The opening home invasion scene of Terrifier 3 was so bloody, so harrowing, and so downright upsetting that it prompted mass walkouts and reports of cinemagoers barfing in the aisles. Amazingly, that’s not even the moment that stoked the most controversy.

Instead, that honour belongs to the scene in which Victoria, the final girl from the first film, returned as a demonically possessed puppet of Art. When the disfigured, undead hero of the original movie picked up a shard of glass and started to pleasure herself with it, we’d be shocked if even the most hardened horror fan didn’t avert their eyes. Gross.

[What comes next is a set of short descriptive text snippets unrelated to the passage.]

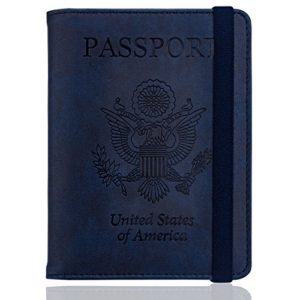 WALNEW RFID Passport Holder Cover Traveling Passport Case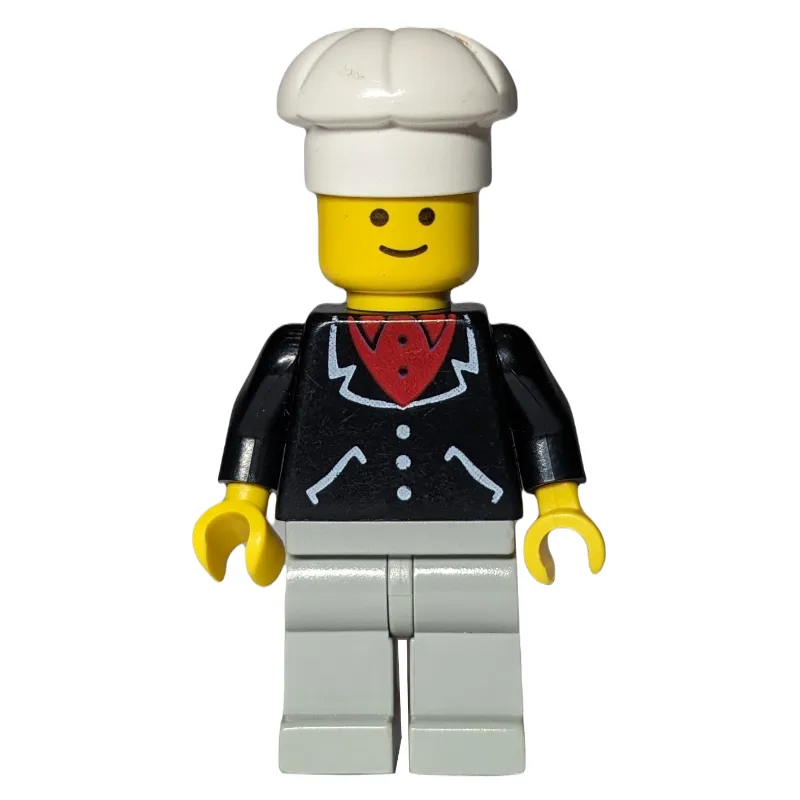 Chef, Black Jacket over Red Shirt, Light Gray… — minifigurine LEGO | Brick Broker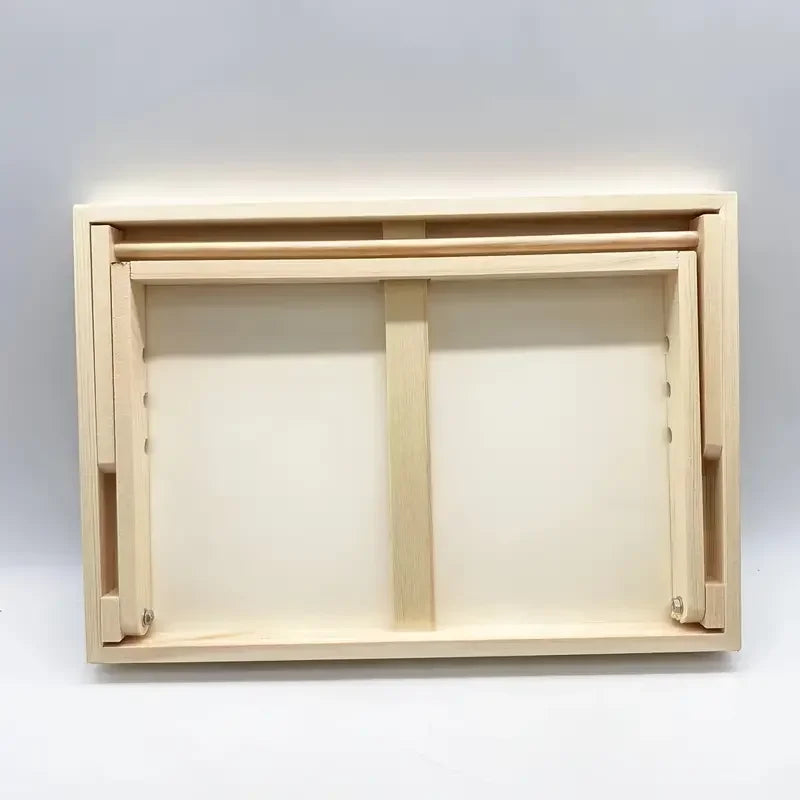 Support d'art incliné en bois
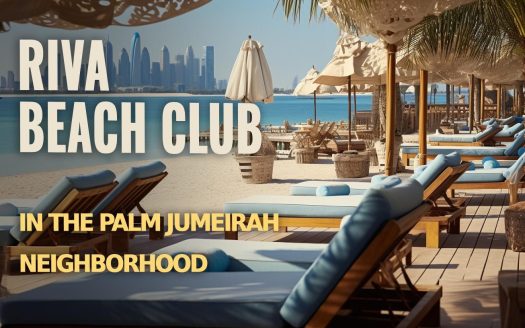 RIVA Beach Club in the Palm Jumeirah Neighborhood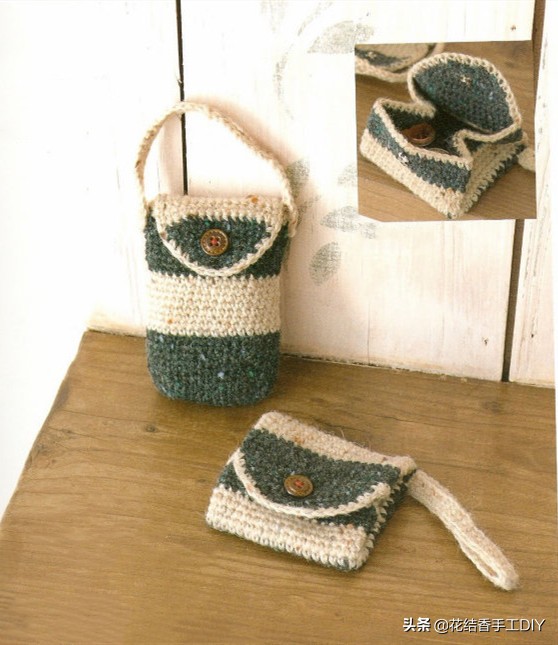 细毛线编织小饰品不用钩针超简单,用毛线编织小饰品简单不用钩针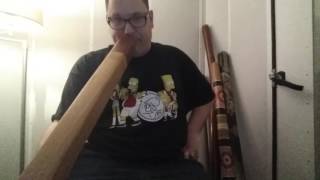7 chakra healing met 7 didgeridoo's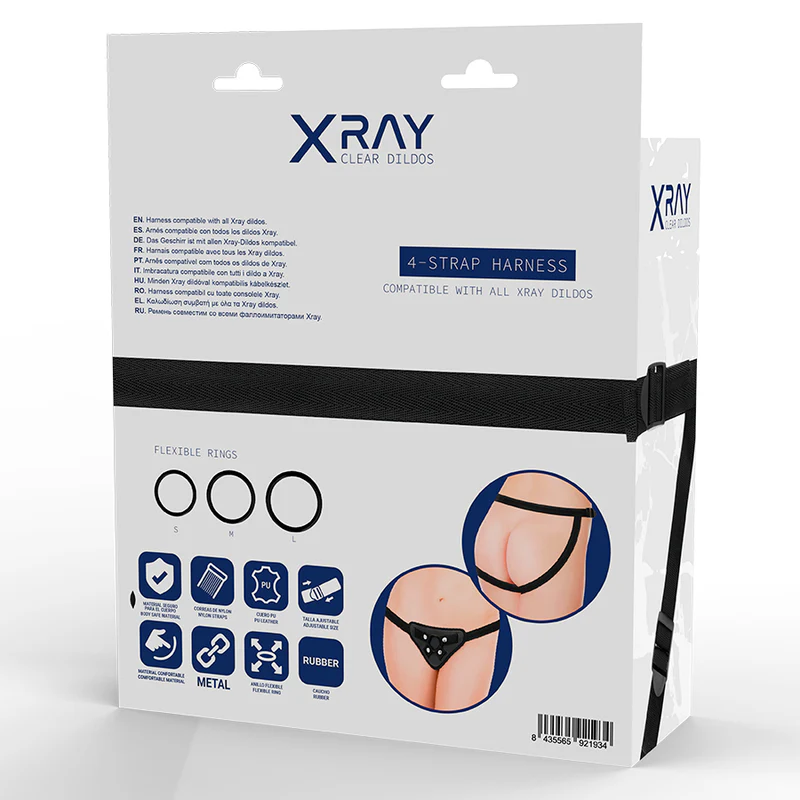 X RAY - ARNÊS COM ANÉIS DE SILICONE - Image 7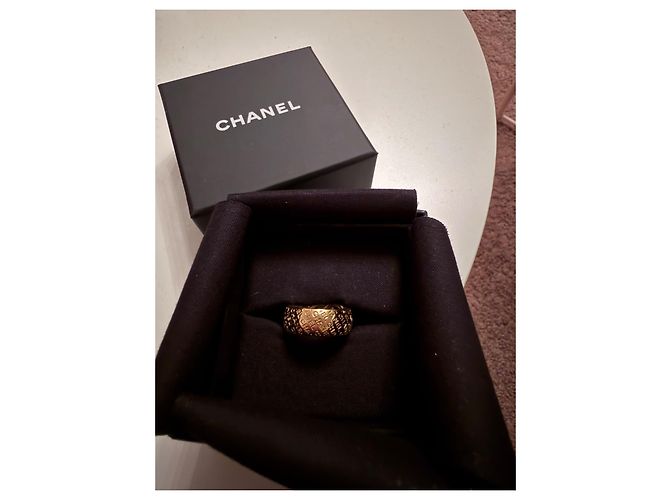 Anello Chanel Oro con Strass D'oro - vista 7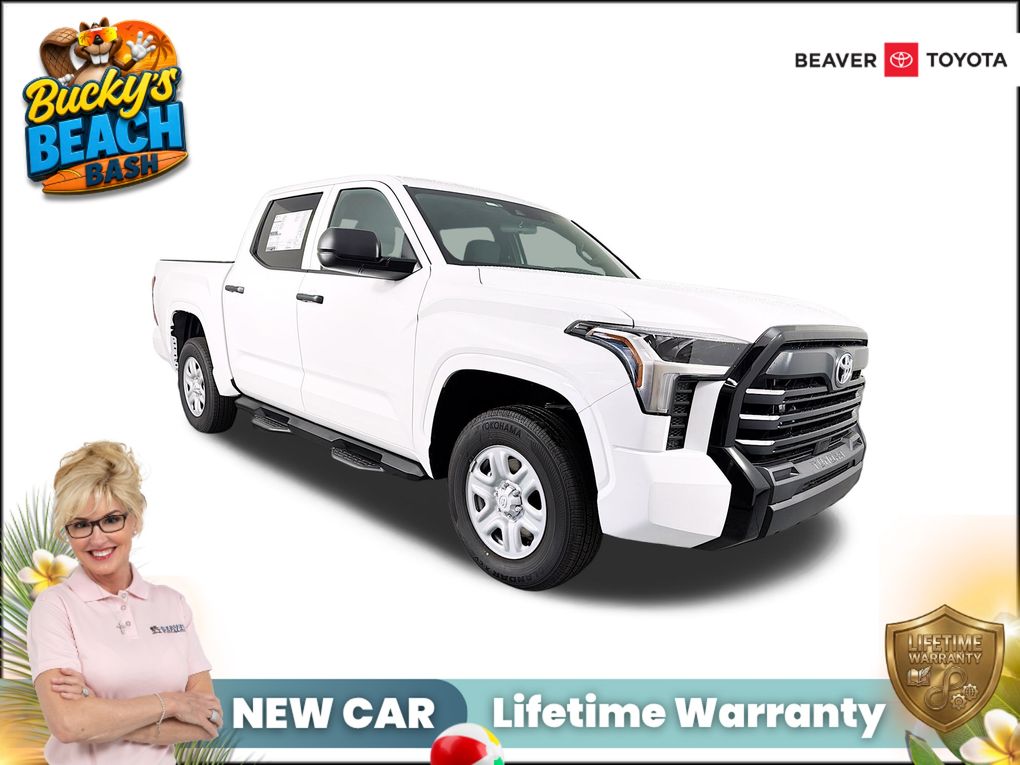 Ice Cap 2026 Toyota Tundra SR CrewMax Cab 4WD Pickup Truck Four-Wheel Drive Automatic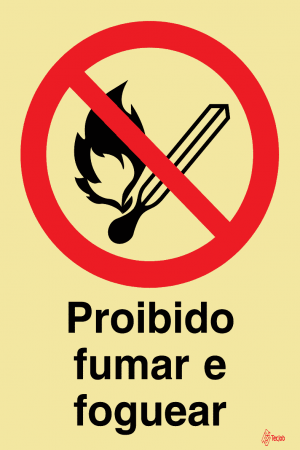 Sinalética Proibido Fumar e Foguear - PR0038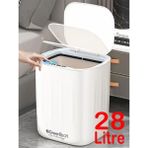 Blue Apple Sensörlü 28 Litre Çöp Kovası (Şarj Edilebilir Lityum Pilli) / BA-SC07B - Beyaz - 35 x 30 x 26cm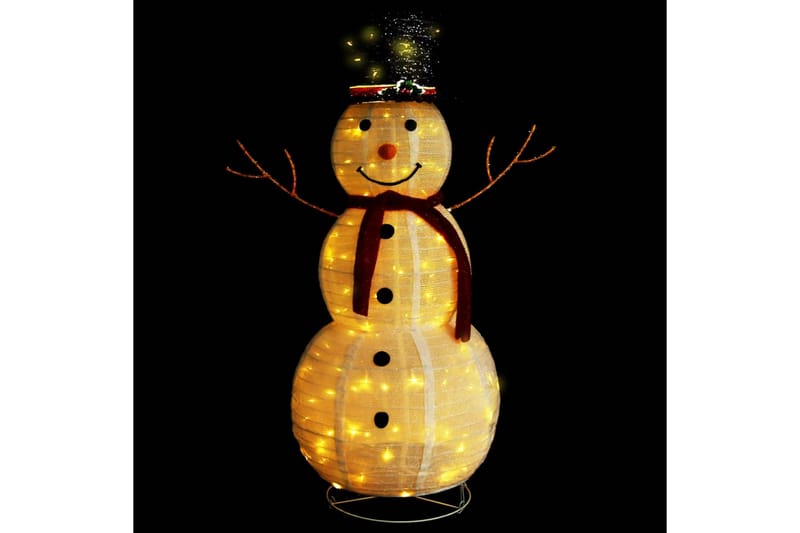 Dekorativ snögubbe med LED lyxigt tyg 120 cm - Vit - Inredning - Julpynt & helgdekoration - Julpynt & juldekoration - Julängel & julfigur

3. Eating ashes (Hoard, Luna Carmoon)

When Saltburn was released last year, many viewers were revolted by certain sequences, from the “I’m a vampire” period sex to the consumption of bath water infused with a certain bodily fluid. However, it all felt like it had been manufactured for pure shock rather than carrying much substance, leaving the movie feeling hollow. Alternatively, Luna Carmoon’s 2024 debut Hoard, an electrifying and moving take on grief, mental health struggles, and the transition between adolescence and adulthood, used shocking imagery completely differently.

You can’t even compare the starkly opposite films, but Carmoon proves that certain controversial artistic choices can have real meaning and necessity within a film’s narrative rather than simply trying to grab the audience’s attention and get people talking.

In Hoard, many scenes might make the viewer uncomfortable, like when Maria gets Michael to burn her with an iron and lick popping candy from her wound, but the most shocking is arguably when the pair eat the ashes of Maria’s mother. This moment demonstrates the strength of their trauma bond, Maria’s mental instability, and her need to be close to her late mother, making it both distressing and tragic.

2. The ending (The Substance, Coralie Fargeat)

Everyone was talking about The Substance this year, a body horror directed by Coralie Fargeat about the terror of female beauty standards and patriarchy. With Hollywood star Demi Moore baring all as the ageing celebrity Elisabeth Sparkle – no longer wanted to promote a fitness programme – the film quickly caused controversy due to its heavy use of full frontal nudity and intense gore. In one intense sequence, we even witness a nude Margaret Qualley emerging from a bloody gash in Elisabeth’s back.

The movie didn’t hold back in showing the most gruesome elements of Elisabeth’s desire to become younger and more desirable, resulting in her transformation into a horrendous monster, with skin peeling off and bones breaking. However, the ending sequence, in which she becomes Monstro Elisasue and stands in front of a horrified audience, is unforgettable.

Her face manages to slide off the rest of her body and travel to her Hollywood Walk of Fame star before exploding into goo, leaving us feeling a little sick to our stomach. It’s one of the more memorable endings in cinema this year and certainly one of the more controversial.

1. A terrible depiction of domestic abuse (It Ends With Us, Justin Baldoni)

Social media was awash with videos of Blake Lively promoting her haircare line and being rude to journalists during the promotion of It Ends With Us – a movie about domestic abuse – which had internet users quick to criticise her.

Considering that the Colleen Hoover-penned book that the film is based on has stirred up plenty of controversy for being badly written, there weren’t high hopes for the end result. Unfortunately, the movie failed to advertise itself accurately as a movie about abuse, shocking many viewers. With poor performances and what many people believed to be a romanticisation of the issues at hand, the whole film was a mess.

Cliched and poorly scripted, it certainly isn’t one of the most memorable of the year in terms of its cinematic qualities. Instead, It Ends With Us garnered controversy for all the wrong reasons, with tone-deaf marketing, a major feud between Lively and director/star Justin Baldoni, and a glossy, artificial approach to a complex theme that required much more attention.